Machine learning has been extensively used in developing predictive models for a variety of bioinformatics tools. In many of these applications, to achieve the highest possible predictive performance, black box models (e.g., SVMs and Neural Networks) had been preferred over white box models (e.g., Decision Trees and Rule-based models). First, I argue that sacrificing interpretability for the sake of performance is a reasonable decision for many bioinformatics applications. However, I will demonstrate that uncareful utilization of black box models can lead to misinterpretations of the results. Second, I argue that interpretability of predictive models is essential for adopting these models in translational and healthcare settings. Unfortunately, using white box models is very challenging due to the high dimensionality, sparsity, and heterogeneity of the data. Alternatively, one can use a black box model augmented with interpretable predictions. Using a simple notion of interpretable predictions, I will present examples from my recent research on developing interpretable models for biomarker discovery from multi-omics and metagenomics data. I will conclude the talk with some discussions on the promise and challenges of adapting these approaches for integrative and predictive analyses of multi-omics, environmental, imaging, and phenotype data extracted from EHR systems.

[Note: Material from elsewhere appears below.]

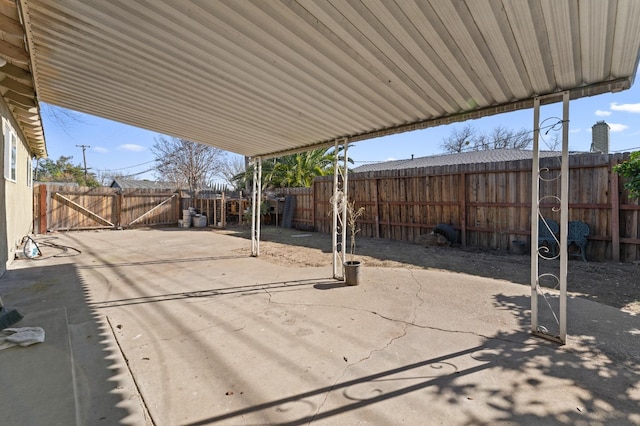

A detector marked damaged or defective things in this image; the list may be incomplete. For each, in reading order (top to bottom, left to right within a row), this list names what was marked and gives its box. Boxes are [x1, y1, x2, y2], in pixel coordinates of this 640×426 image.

Dr. El-Manzalawy is an Assistant Professor at Geisinger Health System and an Adjunct Assistant Professor at College of Information Sciences and Technology, Pennsylvania State University. He holds a PhD in Computer Science from Iowa State University. His long-term research goal is to advance our understanding and make sense of big data in life and health sciences through developing and applying integrative informatics tools and methodologies to enable and accelerate translational science. To date, he has developed several novel algorithmic solutions and machine learning based tools for vaccine informatics, structural bioinformatics, computational genomics, metagenomics, multi-omics data integration, and mHealth. His current research interests focus on the development of novel methodologies, frameworks, and algorithms for integrative analysis of heterogeneous data sources in EHR (including genomics, omics, microbiome, imaging, environmental, and wearables) relevant for precision medicine.
Refreshments: Light lunch will be provided.